Dicho de otro modo, si se
le resta a Cervantes su Quijote, queda
una firma no mucho más conmovedora que la de Vélez
de Guevara. Por supuesto, se puede aducir al respecto que, así
como Cide Hamete reclama que el ingenioso Quijote nació
y murió para él, Cervantes nació, vivió
y se extinguió para escribir las aventuras de su ingenioso
hidalgo y que el resto poco debería importar. Pero de todas
formas, queda todavía la curiosidad de saber cómo
fue posible que escriba por décadas tan menor se volviera
el máximo exponente de su lengua para luego abandonarse
al bodrio.
Más aún,
el de Cervantes no es caso aislado. Es frecuente descubrir que
ése al que conocimos por un trabajo de plenitud dedicó
sus comienzos al chamboneo, que tal vez produjo cinco películas,
sonatas o libros paupérrimos hasta que, de golpe, nos
deslumbró con un título. En la mayoría de
los casos no es dable proyectar, en el trabajo primerizo y balbuciente,
la iluminación que habrá de sucederlo. A veces,
puede el autor ser favorecido por cierta coyuntura, así
Romeo y Julieta, que refulge dentro de la obra primeriza
de Shakespeare en medio de tedios indesmentibles (como Los trabajos de amor perdidos
o varios de los "dramas históricos"): a un joven Shakespeare le
era dable encontrar la felicidad de una obra teenager
pero todavía no el registro pleno que reiterara en sus
grandes obras. En ocasiones, sucede que un autor primerizo da
con una veta deslumbrante pero luego ya no sabe cómo seguir
y se entrampa en tanteos, cada uno peor que el precedente.
Estas contrariedades acaso
tengan una respuesta. En arte
es necesario "colocarse" (como
el que inhala hash -o el que canta y debe aprender a empotrar
el aire para colocar la voz- así cualquier creador). Se trata de un ejercicio que por
lo general requiere de multitud de años y tropiezos -llamados
obras- hasta que la voz
se administra con dicha y vigor.
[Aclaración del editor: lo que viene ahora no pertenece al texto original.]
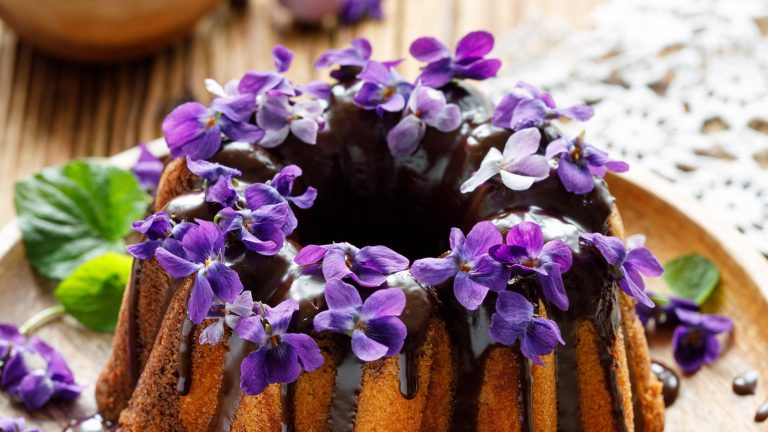 Top Techniques for Incorporating Edible Flowers into Your Baking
Pero esto ocurre sin previo aviso,
por mera acumulación (paradojalmente,
sólo en el arte
se aplicaría la normativa marxista -indemostrable en otros
campos- por la cual el incremento cuantitativo produce saltos
cualitativos) y
se da la metamorfosis: hay un cisne donde
había un patito feo.
Pero la mutación
es transitoria, al menos si el cisne recién venido no descubre
que no basta con lucir un vozarrón sino que cada obra exige
un modo particular de colocarse. En el Quijote, Cervantes dispuso
las máscaras imprescindibles que salvaguardaron de la irrisión
a su parodia, respetando la estatura que iban ganando sus personajes
en medio de un género
que estaba siendo parido por el libro.
Esa voz, entretejida a la del parodiado, fue clausurada en el
muy pulmonar pero tiránico Persiles, que confinó
a sus personajes a la mera cartulina de un diseño ambiciosísimo.
Pero Cervantes al menos
arriesgó tratando de cambiar lo que ya había hecho,
algo que, por ejemplo -para citar autor más reciente pero
casi tan aclamado- evitó Gabriel García Márquez.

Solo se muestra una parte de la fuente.